▸ DATA EXTRACT:
☆ ☆ ☆

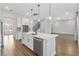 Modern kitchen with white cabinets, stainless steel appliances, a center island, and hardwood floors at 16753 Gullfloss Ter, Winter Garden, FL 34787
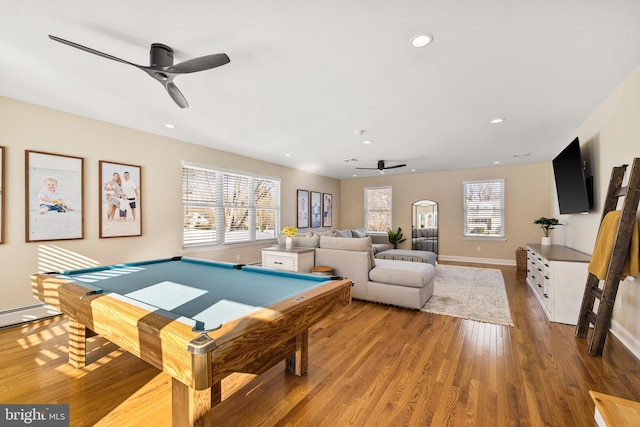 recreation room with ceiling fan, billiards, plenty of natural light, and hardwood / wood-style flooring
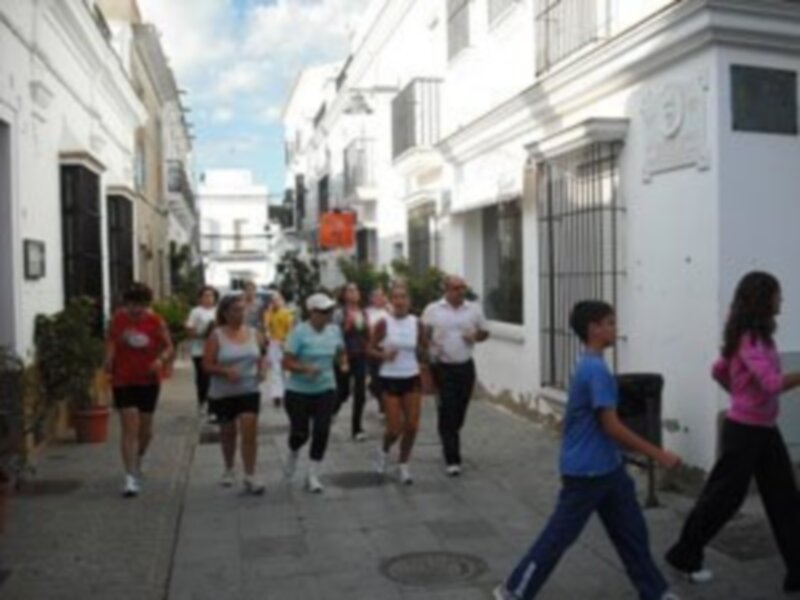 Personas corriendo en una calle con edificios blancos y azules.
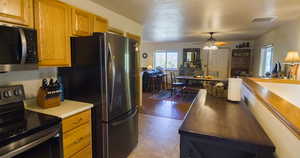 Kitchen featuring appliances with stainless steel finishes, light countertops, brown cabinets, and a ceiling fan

☆ ☆ ☆

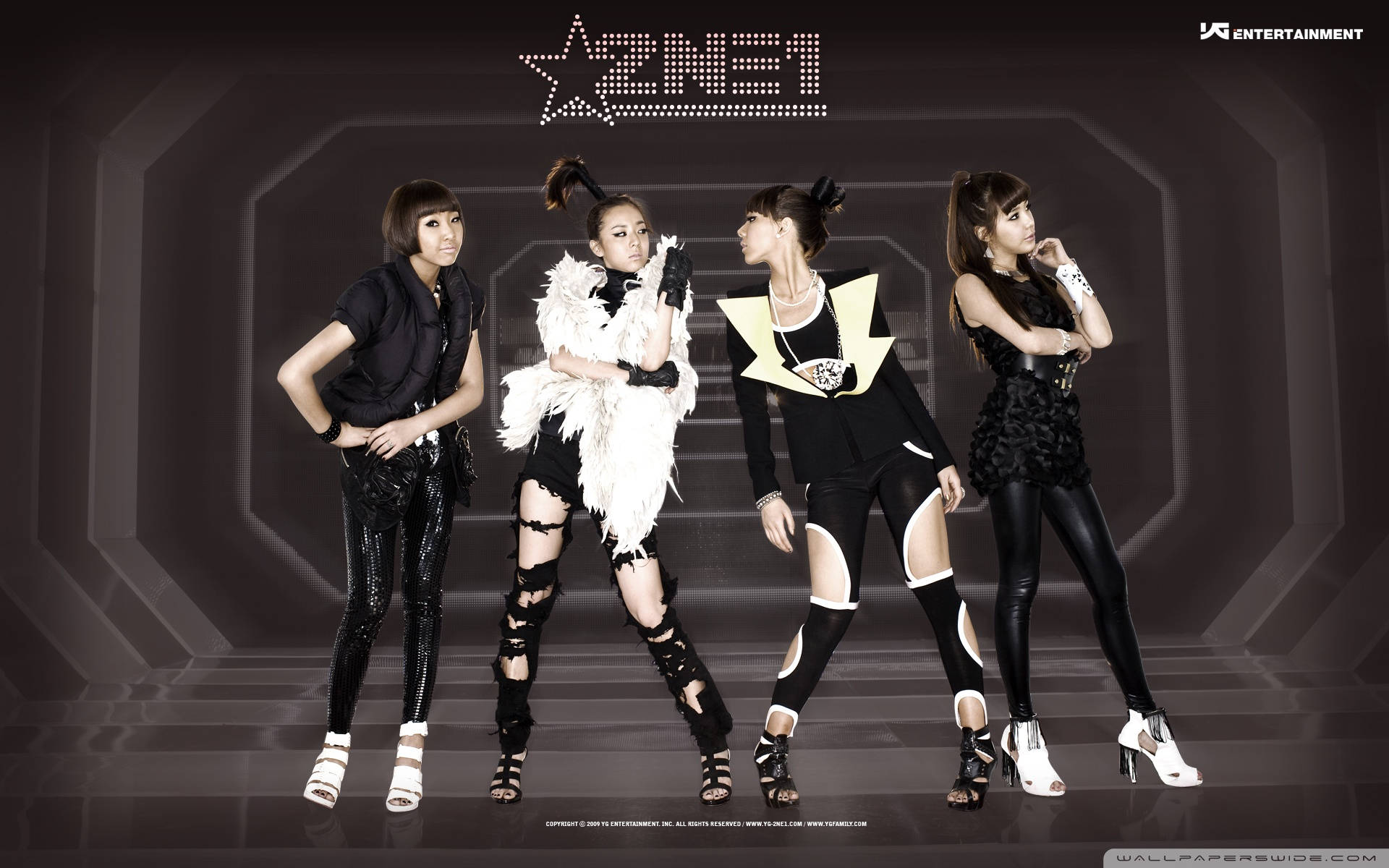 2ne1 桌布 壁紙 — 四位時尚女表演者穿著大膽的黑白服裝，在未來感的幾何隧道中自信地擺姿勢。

☆ ☆ ☆

▸ EXERCISE AIM: Look through the material above. Transcribe exactly the lines between the ones with "recreation room with" and "Kitchen featuring appliances", inclusive, and keep pictures out.

▸ OUTPUT OF THE TASK:
 recreation room with ceiling fan, billiards, plenty of natural light, and hardwood / wood-style flooring
 Personas corriendo en una calle con edificios blancos y azules.
 Kitchen featuring appliances with stainless steel finishes, light countertops, brown cabinets, and a ceiling fan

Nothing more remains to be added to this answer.